* Your instructions *
The entries must be set down again word for word; no pictures belong in the copy.

Start of Exercise data

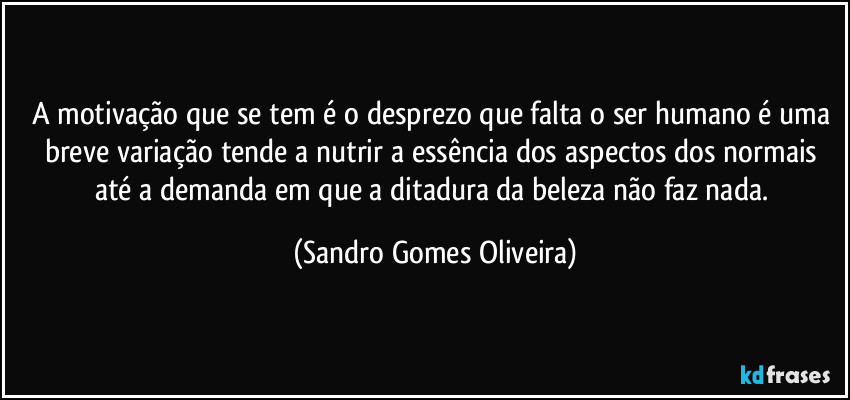 A motivação que se tem é o desprezo que falta o ser humano é uma breve variação tende a nutrir a essência dos aspectos dos normais até a demanda em que a ditadura da beleza não faz nada. (Sandro Gomes Oliveira)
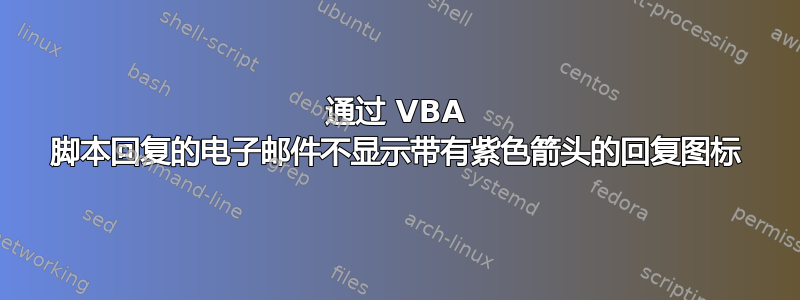 通过 VBA 脚本回复的电子邮件不显示带有紫色箭头的回复图标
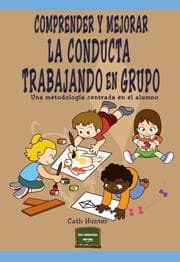 Cover von Comprender y mejorar la conducta trabajando en grupo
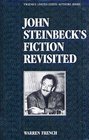 John Steinbeck's Fiction Revisited
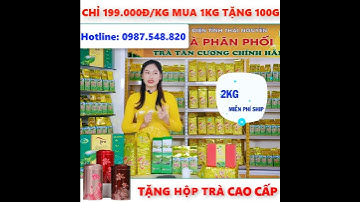 Trà Thái Nguyên hảo hạng giá chỉ từ 199k/kg, mua 1kg tặng 100g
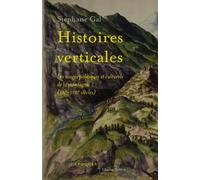 Histoires verticales - Stéphane Gal - Champ Vallon - broché - Essai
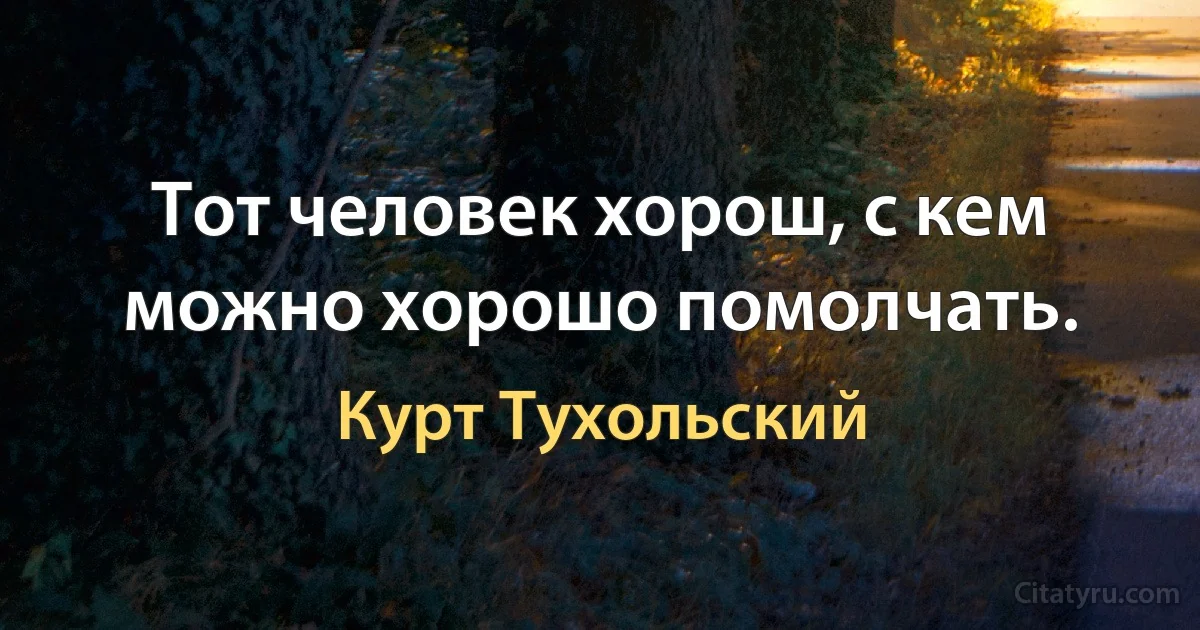 Тот человек хорош, с кем можно хорошо помолчать. (Курт Тухольский)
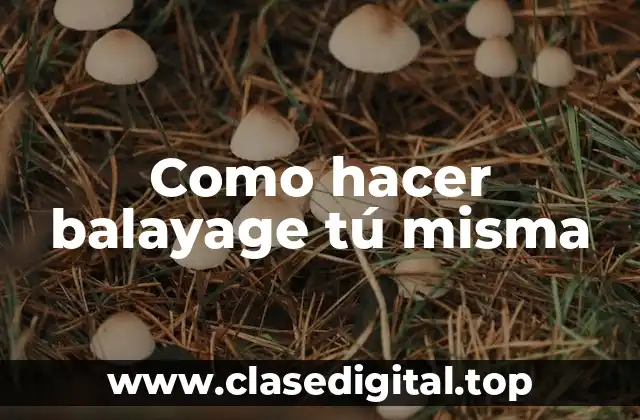 Como hacer balayage tú misma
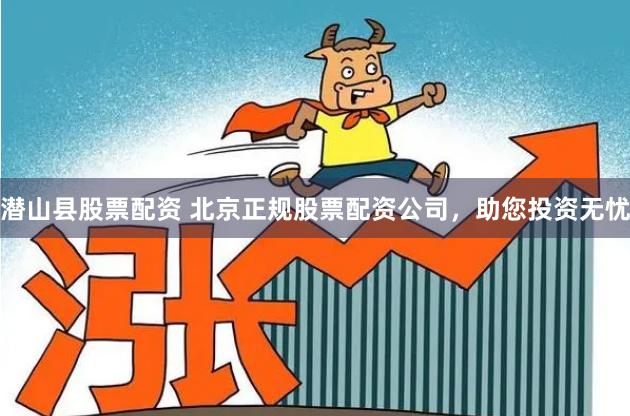 潜山县股票配资 北京正规股票配资公司，助您投资无忧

End of Exercise data

* Written answer *
 A motivação que se tem é o desprezo que falta o ser humano é uma breve variação tende a nutrir a essência dos aspectos dos normais até a demanda em que a ditadura da beleza não faz nada. (Sandro Gomes Oliveira)
 通过 VBA 脚本回复的电子邮件不显示带有紫色箭头的回复图标
 Cover von Comprender y mejorar la conducta trabajando en grupo
 John Steinbeck's Fiction Revisited
 Trà Thái Nguyên hảo hạng giá chỉ từ 199k/kg, mua 1kg tặng 100g
 Histoires verticales - Stéphane Gal - Champ Vallon - broché - Essai
 Тот человек хорош, с кем можно хорошо помолчать. (Курт Тухольский)
 Como hacer balayage tú misma
 潜山县股票配资 北京正规股票配资公司，助您投资无忧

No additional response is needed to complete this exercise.